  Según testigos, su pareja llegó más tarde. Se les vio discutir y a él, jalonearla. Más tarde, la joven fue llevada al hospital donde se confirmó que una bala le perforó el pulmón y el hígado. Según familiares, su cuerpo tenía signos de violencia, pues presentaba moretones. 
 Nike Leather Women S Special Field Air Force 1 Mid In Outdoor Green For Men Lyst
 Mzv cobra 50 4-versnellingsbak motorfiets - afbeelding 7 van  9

◇ ◇ ◇ ◇ ◇

* _Task requirements_
Whatever appears in the data above is to be set down exactly.

* _Written reply_
  Según testigos, su pareja llegó más tarde. Se les vio discutir y a él, jalonearla. Más tarde, la joven fue llevada al hospital donde se confirmó que una bala le perforó el pulmón y el hígado. Según familiares, su cuerpo tenía signos de violencia, pues presentaba moretones. 
 Nike Leather Women S Special Field Air Force 1 Mid In Outdoor Green For Men Lyst
 Mzv cobra 50 4-versnellingsbak motorfiets - afbeelding 7 van  9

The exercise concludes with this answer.